Others counter the criticisms by citing Cosby’s record of assisting blacks, including providing scholarships and endowing historic black colleges and universities. They say that Cosby’s philanthropy toward blacks inoculates him against the liberal critics. According to them, Cosby has paid his dues and is entitled to speak the truth.
The criticism from one side doesn’t deter Cosby, and he seems disinterested in praise from the other. He asked Zahn, “How long you gonna whisper about a smallpox epidemic in your apartment building when bodies are coming out under the sheets?” He is a driven man with a high calling, and he is taking his message on the road to meet with leaders of black communities in town hall sessions, with teachers in schools and parents at PTAs. He is gathering ministers and opinion leaders for frank talk about what went wrong and how to put things right.
Cosby gets pretty specific: He criticizes black parents for spending “$500 on sneakers” but they won’t spend “$200 for ‘Hooked on Phonics.'” He has no sympathy for black men who, in their frustration over unemployment beat up their women. They can’t find jobs, Cosby explains, because they didn’t get educations and they are taking it out on black women. When criticized for airing blacks’ “dirty laundry,” Cosby replies that the dirty laundry of illiteracy, profanity, criminality and crudity is already hanging out for everyone to see.
When he hears that black leaders are mad at him because he is too hard on black sensibilities, he says, “Let them stay mad.” Cosby has no sympathy for those who turn their backs on the opportunities that are readily available in America — even for the poorest among us. He bluntly says too many black young people today are failing to take advantage of the “hard won” opportunities that came out of the civil rights movement.
He strongly believes that young people need to be told about the heroes and heroines who made those opportunities possible. “Empowerment,” says Cosby, comes from “learning standard English, math and graduating from school.” Education, he says, is the key to getting out of poverty. Cosby proudly points to the black leaders who, though growing up in deprived circumstances, have studied hard, taken responsibility for their decisions and excelled in various professions.
Cosby is a hero for tackling a taboo subject. Data clearly indicate that the black community is in crisis. For instance, it has been reported that three out of four black males in Baltimore don’t graduate from high school and, according to demographers, the situation is similar in other cities like Philadelphia, Chicago and Los Angeles. About 45 percent of the 2 million people in jail are blacks (mostly males) and about 45 percent of the nation’s homicides are black males who are killed by other black males.

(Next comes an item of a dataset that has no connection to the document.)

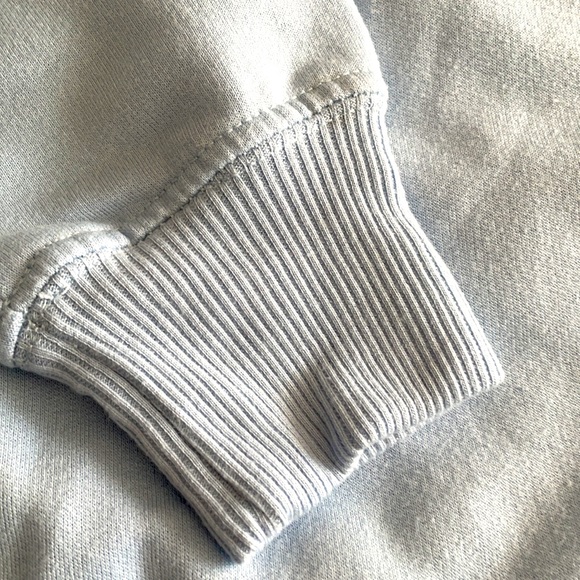 🌸 NWOT Disney LILO and Stitch long sleeved pullover sweatshirt super soft Blue - Picture 3 of 8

Years ago, Cosby held up a mirror through his television show so that the nation could see a black professional family that valued education and taught personal responsibility. He told a gathering in Chicago in July that now “is the time to turn the mirror around” to enable the black family to see itself. Cosby is probably the only person in America who could get away with holding up a mirror to reflect the effects of destructive choices on black people.
The truth is hard to look at in its starkest images. But we all need to face up to Cosby’s observations and learn from his wisdom because the social pathologies that he laments are affecting not just the black community, but white and Hispanic families as well. Once again, Cosby reflects on the human condition — only this time no one is laughing.